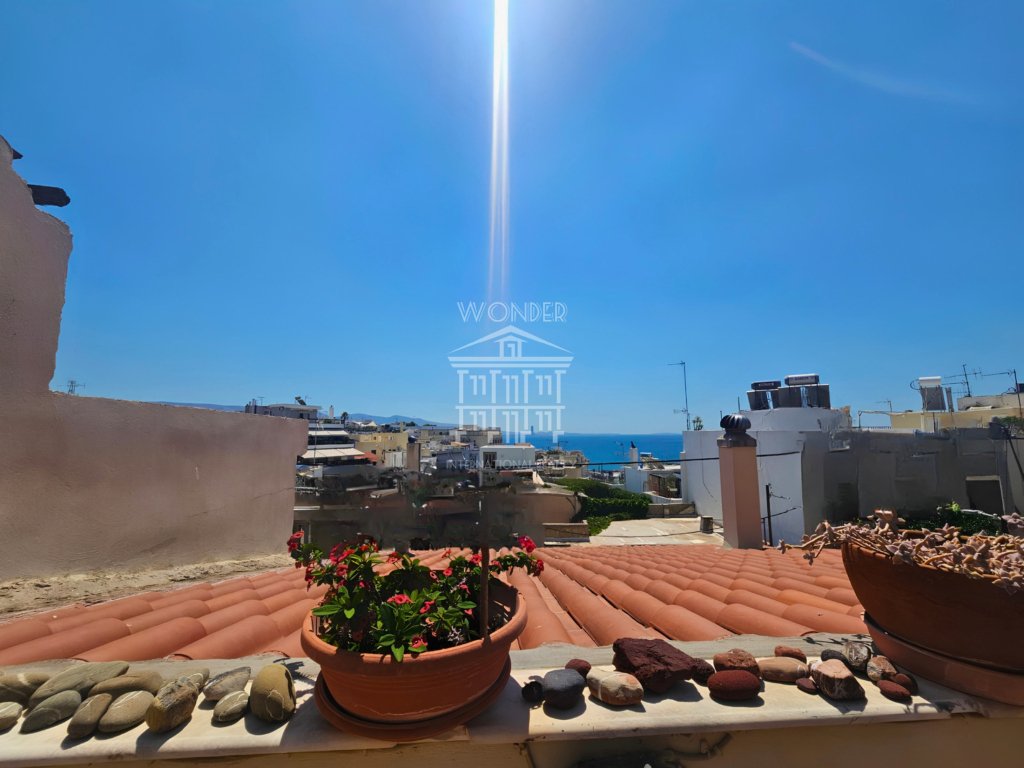 House in Glyfada, Attica, Greece 1 - 18736262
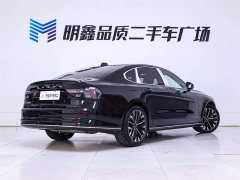 Volvo S90 B5 Luxury Edition - фото 7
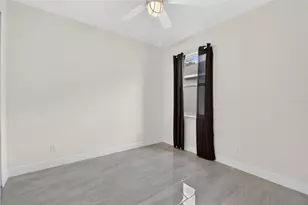 12739 Rainwashed Loop, Parrish, FL 34219 - Photo 32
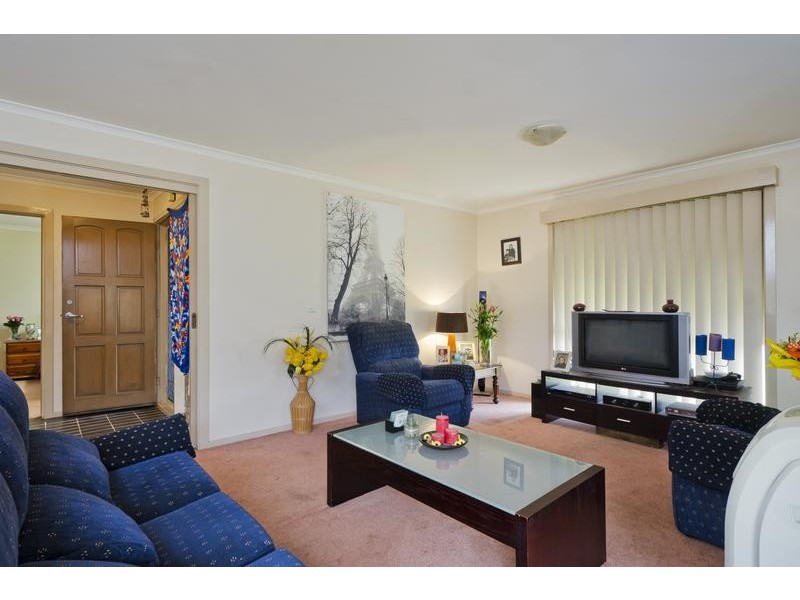 140 Mossfiel drive, Hoppers Crossing VIC 3029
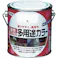 【CAINZ-DASH】アサヒペン 油性多用途カラー 0.7L 白 536617【別送品】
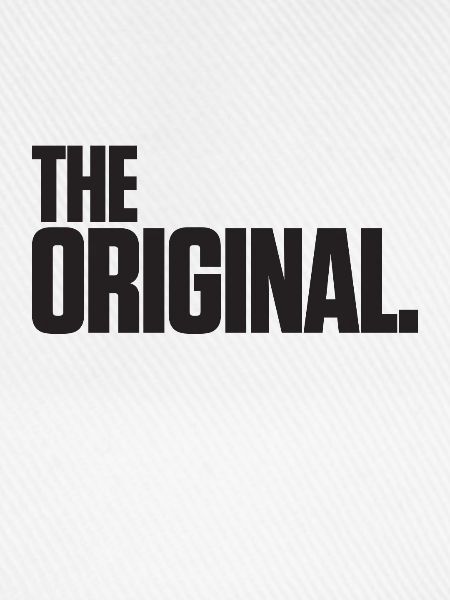 The Original
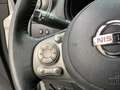 Nissan Micra 1.2 Connect Edition N-TEC | Navigatie | Cruise Con Gris - thumbnail 7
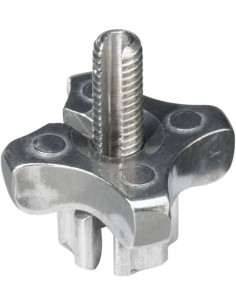 Ersatz-Spanner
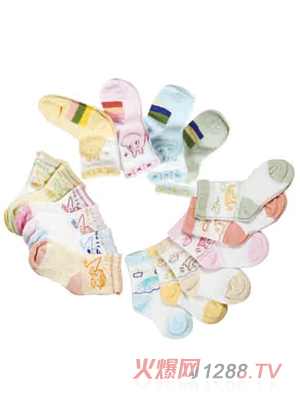 ؐؐ������ͨ�ļ��m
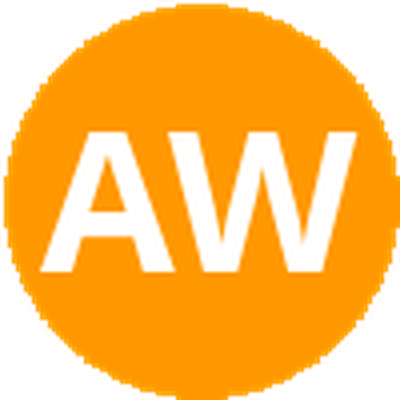 Almira Wijaya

YOUR ASSIGNMENT:
Copy, without the pictures, exactly the lines from the line with "The Original" through the end of the material above, both ends included.

OUTPUT FOR THIS EXERCISE:
 The Original
 Nissan Micra 1.2 Connect Edition N-TEC | Navigatie | Cruise Con Gris - thumbnail 7
 Ersatz-Spanner
 ؐؐ������ͨ�ļ��m
 Almira Wijaya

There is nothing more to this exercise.